Copy each line of the data exactly. Leave nothing out.

Top of Source data

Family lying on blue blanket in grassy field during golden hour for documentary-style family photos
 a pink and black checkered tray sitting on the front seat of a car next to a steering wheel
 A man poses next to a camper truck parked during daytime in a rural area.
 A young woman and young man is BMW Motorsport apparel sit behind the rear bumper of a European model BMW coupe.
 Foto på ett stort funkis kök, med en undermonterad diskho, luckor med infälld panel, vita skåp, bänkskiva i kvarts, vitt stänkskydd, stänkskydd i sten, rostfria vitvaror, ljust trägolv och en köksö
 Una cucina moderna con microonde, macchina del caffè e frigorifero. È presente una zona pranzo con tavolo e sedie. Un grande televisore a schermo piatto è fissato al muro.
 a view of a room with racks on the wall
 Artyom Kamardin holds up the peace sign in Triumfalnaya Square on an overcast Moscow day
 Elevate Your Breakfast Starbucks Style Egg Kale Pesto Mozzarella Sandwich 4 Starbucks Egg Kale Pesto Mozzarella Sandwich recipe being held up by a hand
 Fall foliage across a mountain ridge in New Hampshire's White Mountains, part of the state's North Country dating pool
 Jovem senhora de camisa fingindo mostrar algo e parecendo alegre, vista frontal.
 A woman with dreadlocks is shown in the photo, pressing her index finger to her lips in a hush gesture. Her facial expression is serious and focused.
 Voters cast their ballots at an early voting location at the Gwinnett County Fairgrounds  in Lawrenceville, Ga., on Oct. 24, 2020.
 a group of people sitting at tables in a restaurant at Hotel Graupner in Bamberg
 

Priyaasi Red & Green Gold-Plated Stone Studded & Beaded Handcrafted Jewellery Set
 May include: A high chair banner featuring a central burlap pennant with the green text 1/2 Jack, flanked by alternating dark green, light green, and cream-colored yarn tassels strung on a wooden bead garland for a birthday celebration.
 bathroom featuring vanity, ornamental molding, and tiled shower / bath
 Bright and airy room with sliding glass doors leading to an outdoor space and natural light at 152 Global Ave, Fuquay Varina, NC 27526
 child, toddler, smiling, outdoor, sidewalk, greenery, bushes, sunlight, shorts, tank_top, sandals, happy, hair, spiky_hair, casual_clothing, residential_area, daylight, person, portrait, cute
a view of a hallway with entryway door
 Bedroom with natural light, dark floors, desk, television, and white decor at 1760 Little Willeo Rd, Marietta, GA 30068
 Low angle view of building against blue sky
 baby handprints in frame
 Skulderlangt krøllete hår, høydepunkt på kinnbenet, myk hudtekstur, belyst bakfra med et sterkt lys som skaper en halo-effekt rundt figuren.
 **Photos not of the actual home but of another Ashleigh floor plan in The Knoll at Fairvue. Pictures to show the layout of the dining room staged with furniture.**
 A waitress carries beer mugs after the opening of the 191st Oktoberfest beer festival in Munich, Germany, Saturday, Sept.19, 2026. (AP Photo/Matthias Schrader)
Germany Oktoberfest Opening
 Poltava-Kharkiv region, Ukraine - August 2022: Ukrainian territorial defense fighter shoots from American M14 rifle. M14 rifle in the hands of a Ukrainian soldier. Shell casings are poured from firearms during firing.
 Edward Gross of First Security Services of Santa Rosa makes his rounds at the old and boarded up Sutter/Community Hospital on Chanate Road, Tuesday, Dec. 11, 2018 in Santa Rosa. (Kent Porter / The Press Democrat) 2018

Bottom of Source data

- [Final answer]
Family lying on blue blanket in grassy field during golden hour for documentary-style family photos
 a pink and black checkered tray sitting on the front seat of a car next to a steering wheel
 A man poses next to a camper truck parked during daytime in a rural area.
 A young woman and young man is BMW Motorsport apparel sit behind the rear bumper of a European model BMW coupe.
 Foto på ett stort funkis kök, med en undermonterad diskho, luckor med infälld panel, vita skåp, bänkskiva i kvarts, vitt stänkskydd, stänkskydd i sten, rostfria vitvaror, ljust trägolv och en köksö
 Una cucina moderna con microonde, macchina del caffè e frigorifero. È presente una zona pranzo con tavolo e sedie. Un grande televisore a schermo piatto è fissato al muro.
 a view of a room with racks on the wall
 Artyom Kamardin holds up the peace sign in Triumfalnaya Square on an overcast Moscow day
 Elevate Your Breakfast Starbucks Style Egg Kale Pesto Mozzarella Sandwich 4 Starbucks Egg Kale Pesto Mozzarella Sandwich recipe being held up by a hand
 Fall foliage across a mountain ridge in New Hampshire's White Mountains, part of the state's North Country dating pool
 Jovem senhora de camisa fingindo mostrar algo e parecendo alegre, vista frontal.
 A woman with dreadlocks is shown in the photo, pressing her index finger to her lips in a hush gesture. Her facial expression is serious and focused.
 Voters cast their ballots at an early voting location at the Gwinnett County Fairgrounds  in Lawrenceville, Ga., on Oct. 24, 2020.
 a group of people sitting at tables in a restaurant at Hotel Graupner in Bamberg
 

Priyaasi Red & Green Gold-Plated Stone Studded & Beaded Handcrafted Jewellery Set
 May include: A high chair banner featuring a central burlap pennant with the green text 1/2 Jack, flanked by alternating dark green, light green, and cream-colored yarn tassels strung on a wooden bead garland for a birthday celebration.
 bathroom featuring vanity, ornamental molding, and tiled shower / bath
 Bright and airy room with sliding glass doors leading to an outdoor space and natural light at 152 Global Ave, Fuquay Varina, NC 27526
 child, toddler, smiling, outdoor, sidewalk, greenery, bushes, sunlight, shorts, tank_top, sandals, happy, hair, spiky_hair, casual_clothing, residential_area, daylight, person, portrait, cute
a view of a hallway with entryway door
 Bedroom with natural light, dark floors, desk, television, and white decor at 1760 Little Willeo Rd, Marietta, GA 30068
 Low angle view of building against blue sky
 baby handprints in frame
 Skulderlangt krøllete hår, høydepunkt på kinnbenet, myk hudtekstur, belyst bakfra med et sterkt lys som skaper en halo-effekt rundt figuren.
 **Photos not of the actual home but of another Ashleigh floor plan in The Knoll at Fairvue. Pictures to show the layout of the dining room staged with furniture.**
 A waitress carries beer mugs after the opening of the 191st Oktoberfest beer festival in Munich, Germany, Saturday, Sept.19, 2026. (AP Photo/Matthias Schrader)
Germany Oktoberfest Opening
 Poltava-Kharkiv region, Ukraine - August 2022: Ukrainian territorial defense fighter shoots from American M14 rifle. M14 rifle in the hands of a Ukrainian soldier. Shell casings are poured from firearms during firing.
 Edward Gross of First Security Services of Santa Rosa makes his rounds at the old and boarded up Sutter/Community Hospital on Chanate Road, Tuesday, Dec. 11, 2018 in Santa Rosa. (Kent Porter / The Press Democrat) 2018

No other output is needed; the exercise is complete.